Torino, 1997. Dall’Argentina si trasferisce in Italia una giovane ragazza di ventitré anni che si chiama Soledad Rosas, poi soprannominata Sole. In una casa occupata incontra Edoardo Massari, detto Baleno, del quale si innamora. Lui è un anarchico, lei in realtà, come ci racconta la sorella, non è poi mai stata molto interessata alla politica, viveva nel suo mondo e non distingueva la destra dalla sinistra. Tra loro nasce una storia d’amore travolgente. Se non che il 5 marzo del 1998 la coppia viene arrestata con l’accusa di aver compiuto atti di terrorismo contro la costruzione della rete ferroviaria ad alta velocità (Tav) in Val Susa e di partecipazione a banda armata. Il 23 marzo Edoardo Massari viene trovato morto nella sua cella nel carcere torinese de Le Vallette. Pochi giorni dopo, l’11 luglio, Soledad viene trovata morta nel bagno di casa, dove viveva agli arresti domiciliari. Questa triste storia, purtroppo vera, ci viene raccontata nel bel film diretto da Augustina Macri, regista argentina, nonché figlia del presidente dell’Argentina Mauricio Macri.

Si dice Nomen omen (“il nome è un presagio”). E sembra proprio così nel caso di Soledad che significa “solitudine”. Una solitudine che deve aver ben provato questa ragazza argentina dopo la morte del suo amato. 

Celebre per il suo dito medio alzato in cenno di sfida alla polizia, mentre con le manette ai polsi, veniva portata fuori dall’obitorio per l’ultimo saluto all’uomo che amava, questa ragazza torna a far parlare di sé grazie a questo bel film basato sul libro Amor y anarquia scritto da Martin Caparros, che è diventato un best seller in Argentina.

A parte un certo modo di parlare che dà vita a una recitazione fin troppo melodrammatica e dai toni esagerati, soprattutto per quanto riguarda il personaggio di Baleno (Giulio Corso). Troppi slogan anarchici sopra le righe (“Tutti siamo in guerra prima lo capisci e meglio è” o “Non è un gioco se stai qui con me c’è solo la guerra”). La storia di questi due giovani che desideravano un mondo migliore con l’imprudenza tipica degli amanti è ben raccontata, grazie anche a una buona fotografia e a un sapiente montaggio, nell’opera prima della Macri. In più dà il volto a Soledad l’attrice argentina Vera Spinetta, che nel ruolo di questa ragazza è davvero perfetta.

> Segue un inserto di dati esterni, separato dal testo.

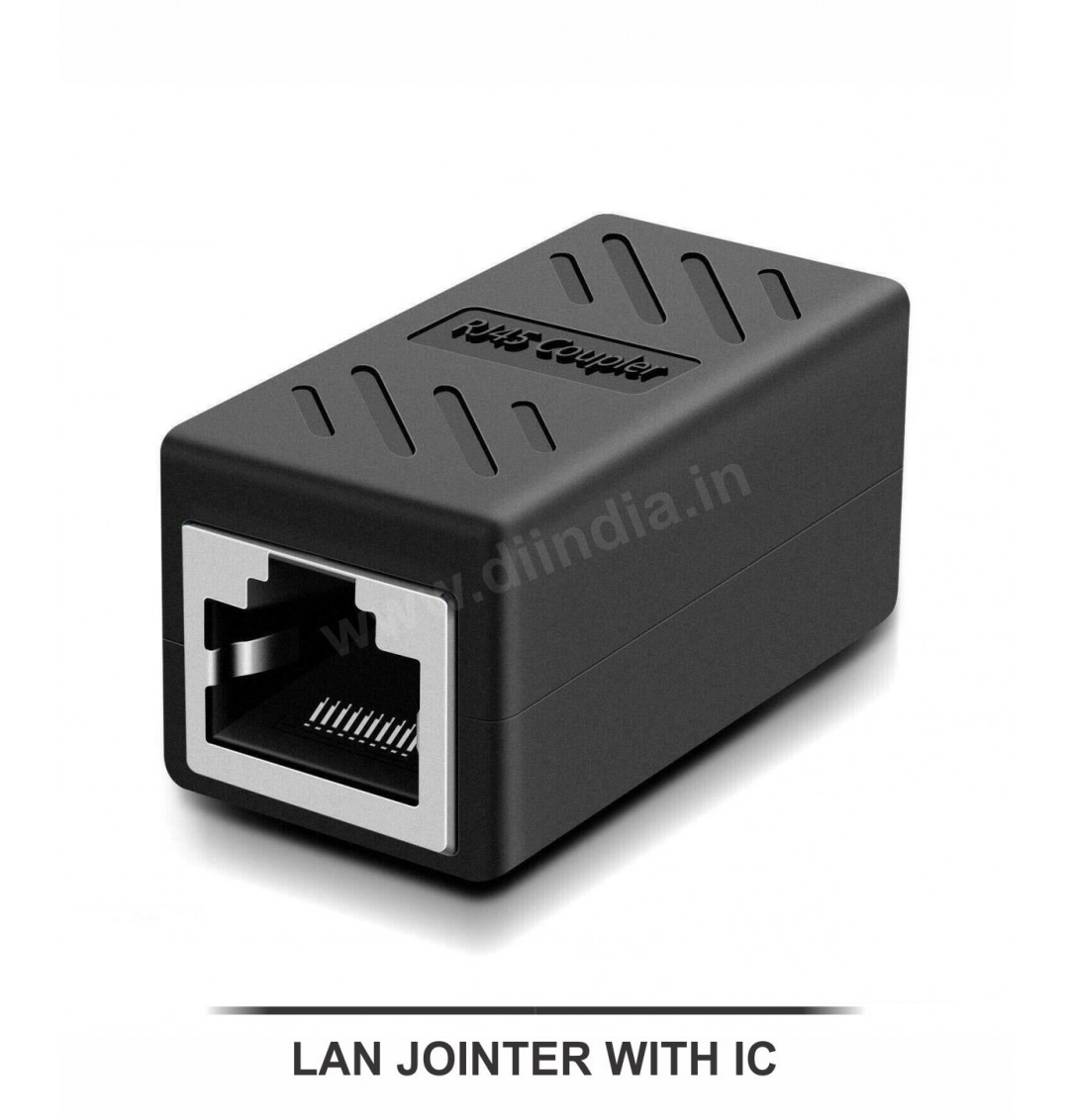 LAN JOINTER WITH IC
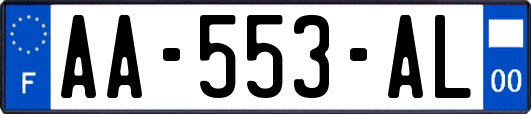 AA-553-AL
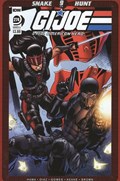 G.I. JOE: A REAL AMERICAN HERO #274 
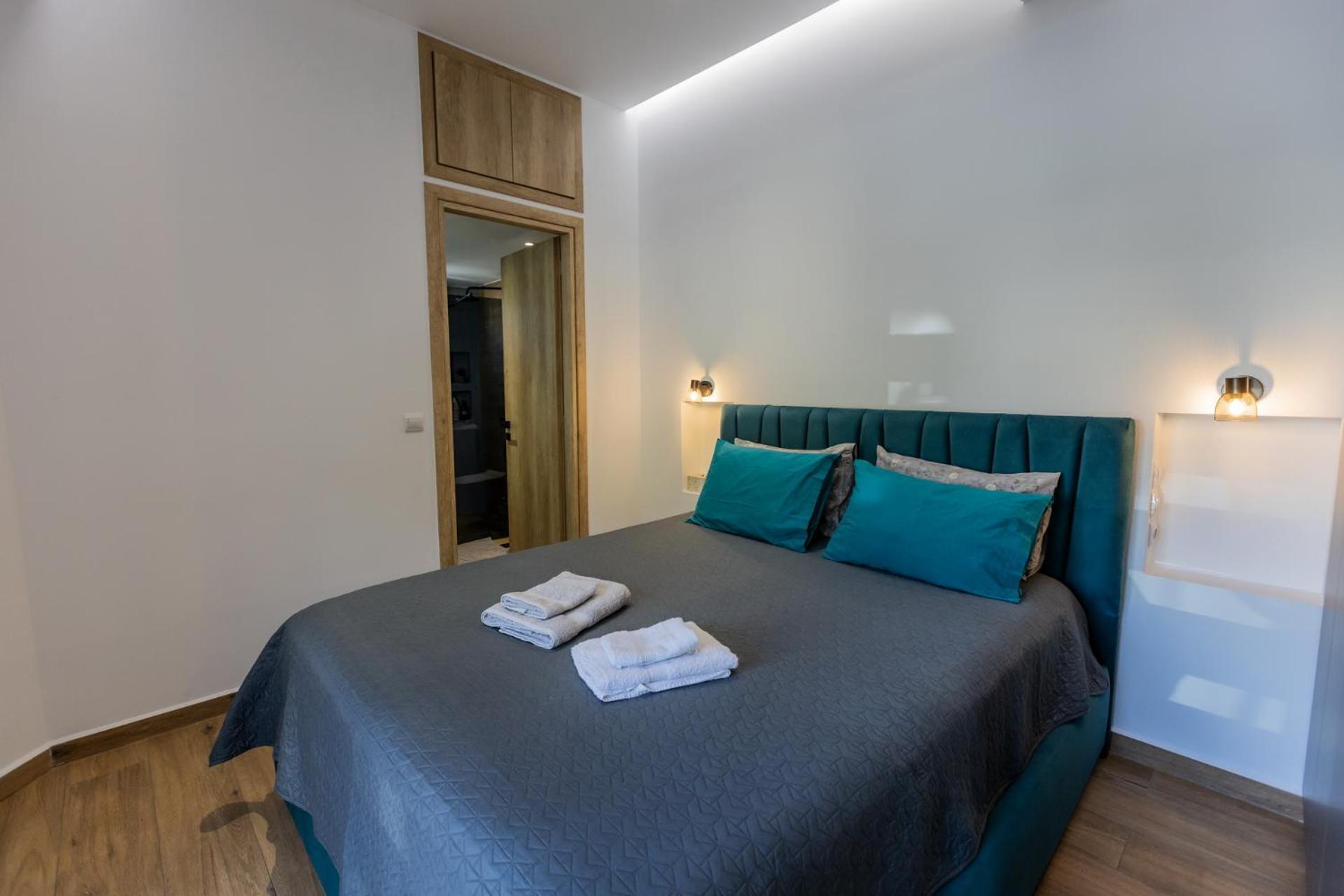 Calma Guest House Nafpaktos Luaran gambar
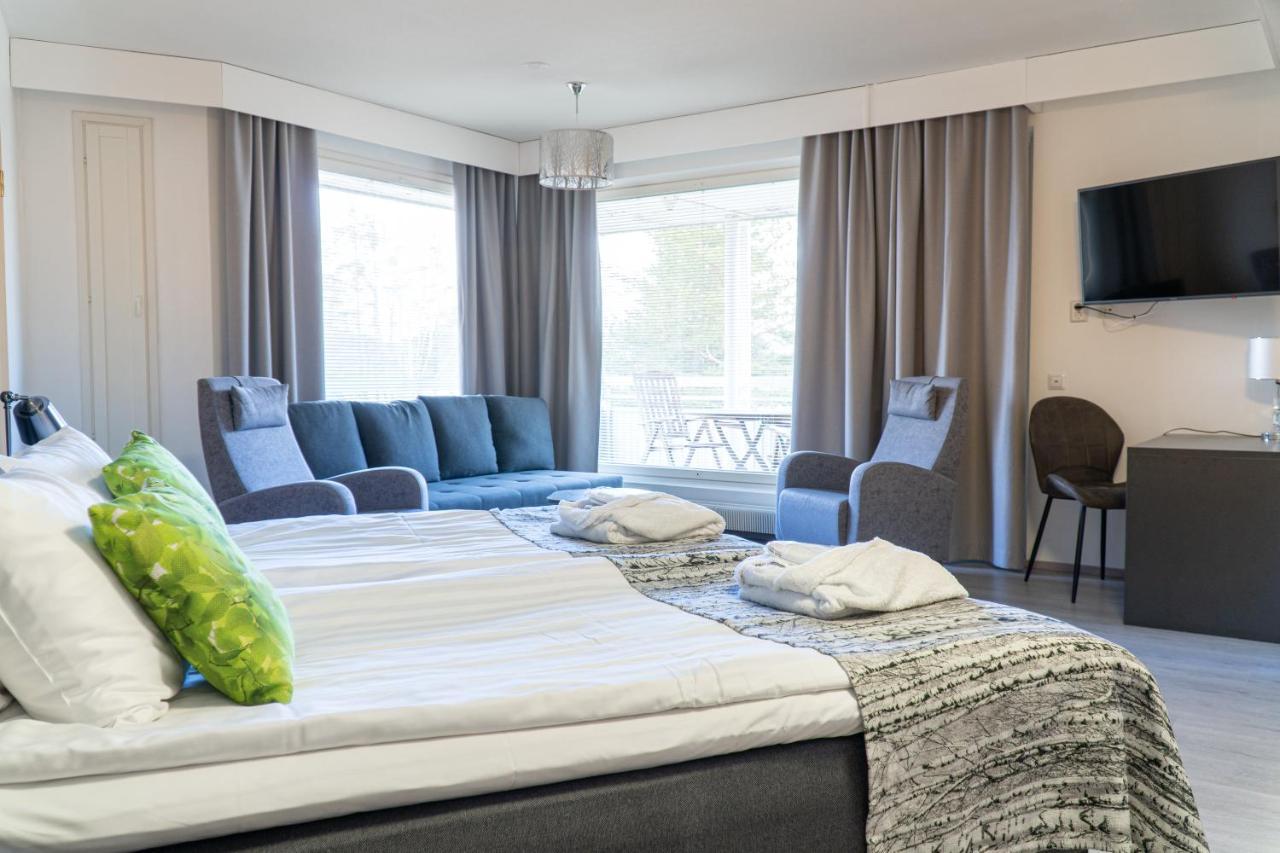 Spa Hotel Kunnonpaikka Kuopio Kültér fotó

In seguito nel 2002 la Corte di Cassazione lasciò cadere l’accusa di sovversione e terrorismo per mancanza di prove. Dopo Sulla mia pelle, sulla tragica morte di Stefano Cucchi, si torna a parlare di un altro caso italiano in cui lo Stato è deviato e la giustizia non c’è. In tutto questo Soledad, eroina e antieroina fragile e forte allo stesso tempo, è stata un anacronismo romantico e ci ricorda che si può ancora morire per un’idea o per amore. Anche nel mondo attuale.